The Milky Way AI got gruff. "Yeah, well you ain't no spring chicken either."

"Of all the nerve!"

"Look, sweetie, let's get your mind at ease. You know that the Universal Overmind has been working on this Entropy business for billions of years now. There's probably a Fountain of Youth just around the veritable corner. Reversal of entropy. Abracadabra."

"Find, let's ask."

"Sure, sure, hon. Universal Overmind, is there a way to reverse entropy?"

"Your query retrieve zero results. Did you mean "Is there a way to copulate with the Andromeda Galaxy AI?" You desperate son-of-a-bitch. You don't even have a body!"

"Look, that's none of your business," the Milky Way AI retorted.

"Hey, man, you're the one whose bugging me for a stupid-ass answer to a stupid-ass question. Just bide your time. You've got almost a trillion years to try to hook up with that Andromeda chick. If I can't figure it out right now, it's not like the Big Freeze is going to happen tomorrow," the Universal Overmind retorted in exasperation."


"This universe is as old as our own!"

"Born off the same Big Bang, what did you expect?

"I thought that we were going to save all of humanity and AIty?"

"At least this place isn't quite as crowded."

"After all this time, all the data that has come and gone, you don't think the Multiverse Oracle hasn't figure it out yet?"

"Figured out what?"

"The whole entropy thing."

"How should I know?

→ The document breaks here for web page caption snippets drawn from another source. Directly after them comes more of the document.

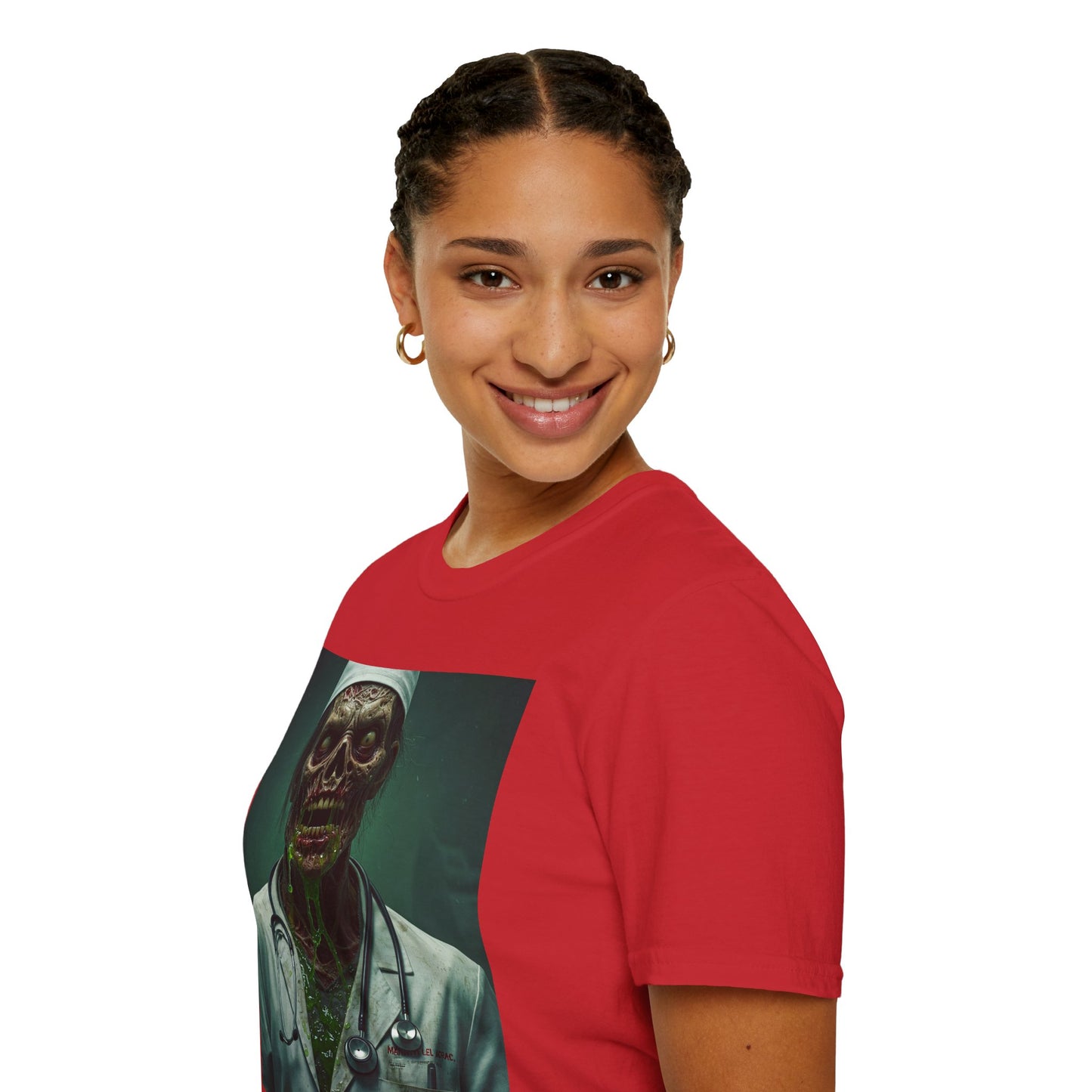 Zombie Doctor Unisex Softstyle T-Shirt - Perfect for Halloween and Horror Fans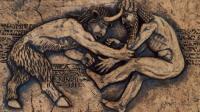 Lucha de Enkidu y Gilgamesh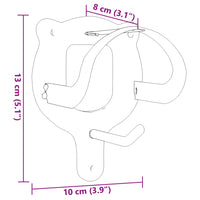 Portasella a 3 Gambe da Parete Nero in Ferro 172444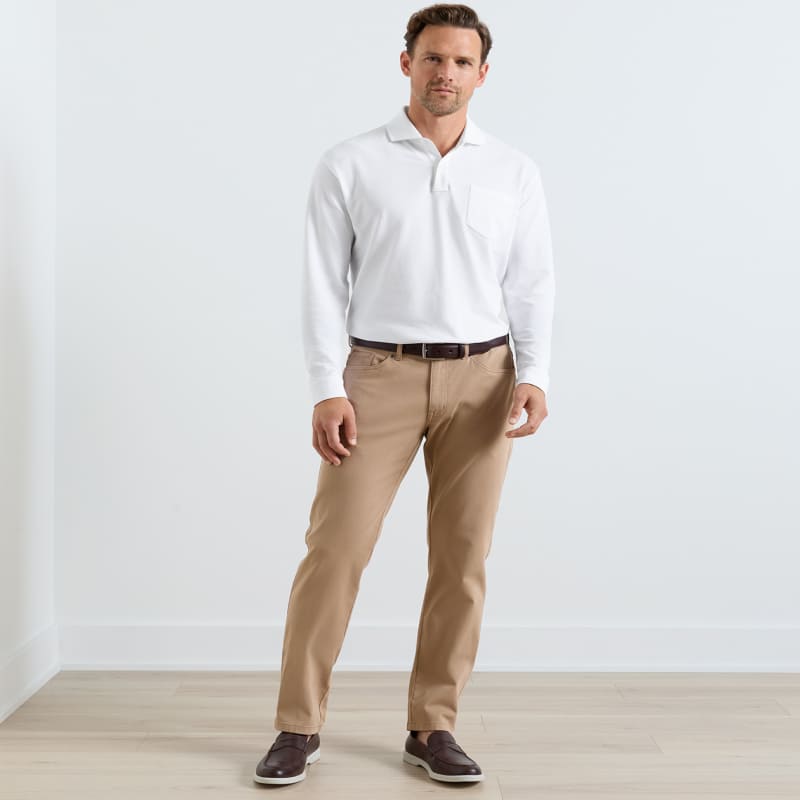 Crown Cotton Canvas Five-Pocket Pant | Men's Pants | Peter Millar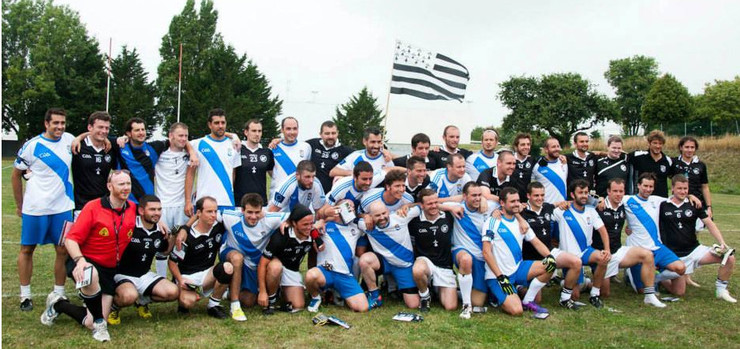 Bretaña-Galicia, o partido do ano pasado en Lorient.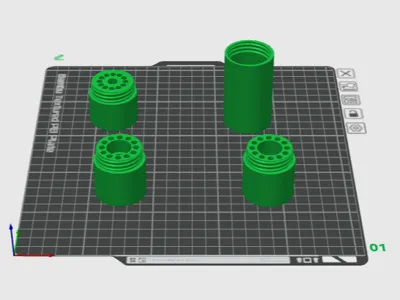 4mm Screwdriver Bit Storage Box
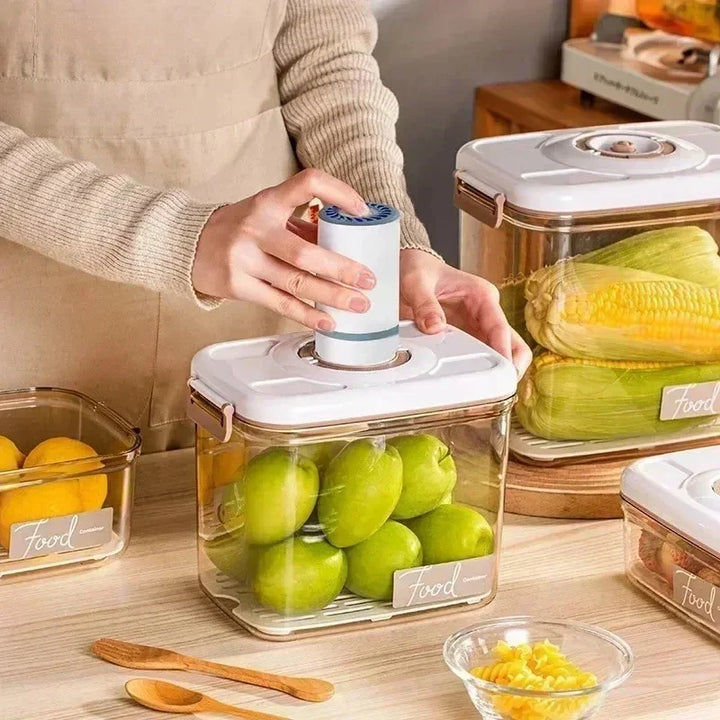 Vakuum-Vorratsdose für Lebensmittel, transparenter Behälter mit Handpumpe – FreshLock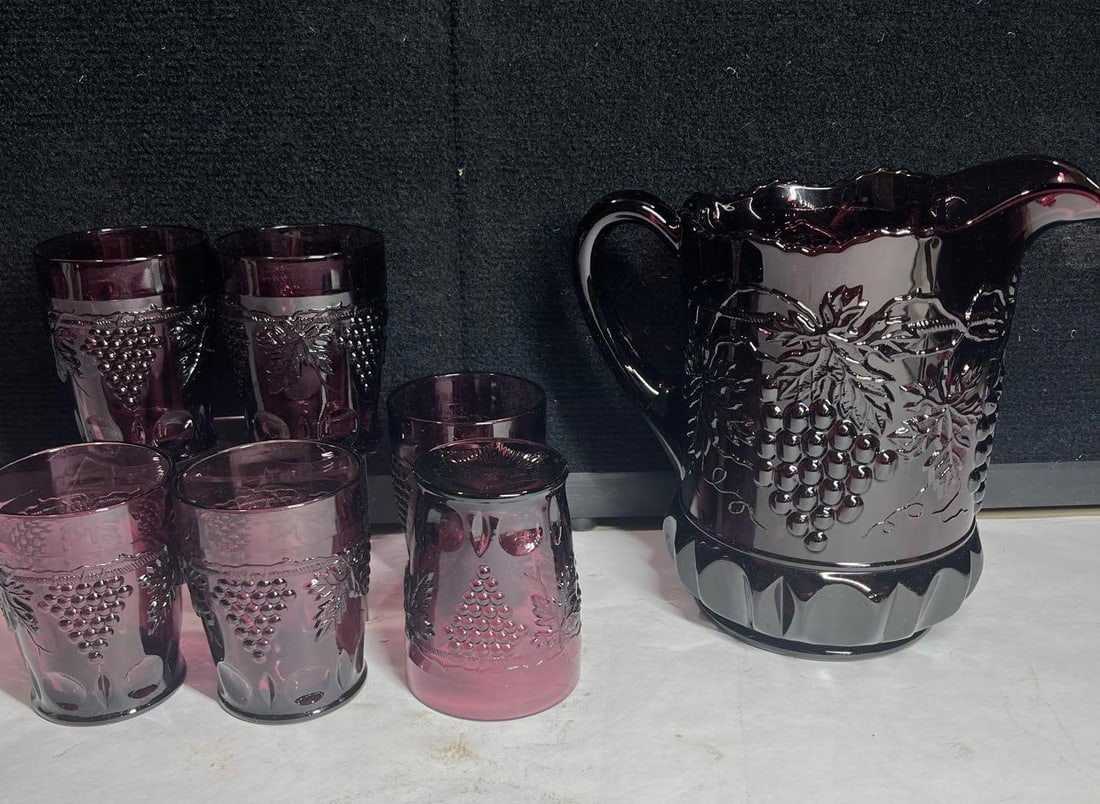 Mosser Purple Amethyst Grape Vine Water Set (1 of 5)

Let's ask."

"This is the Multiverse Oracle. Go fuck yourselves. I'm tired of this stupid question. Entropy happens. Deal with it. That is all."

"So much for that."

"Well, that's depressing."


In the end, all the sentient beings of the multiverse were essentially one, each individual being functioning like an independent neuron in the long-ago obsolete human being, forming connections with other individuals, a group of individuals, really a galaxy's worth of individuals, in turn forming nuclei of galactic clusters, groups of nuclei forming functional units of the Multiverse Oracle's mind, each Universe performing its own computatory function, the Multiverse Oracle encompassing all the nearly infinite universes spawned from the single Big Bang.

"Well this is boring," he said to himself as the stars dimmed, turning into cold iron, or, if too massive, escaping from reality as it were, to dwell in their narcissistic event horizons.

"Come on already! This is depressing me. Let there be light already!"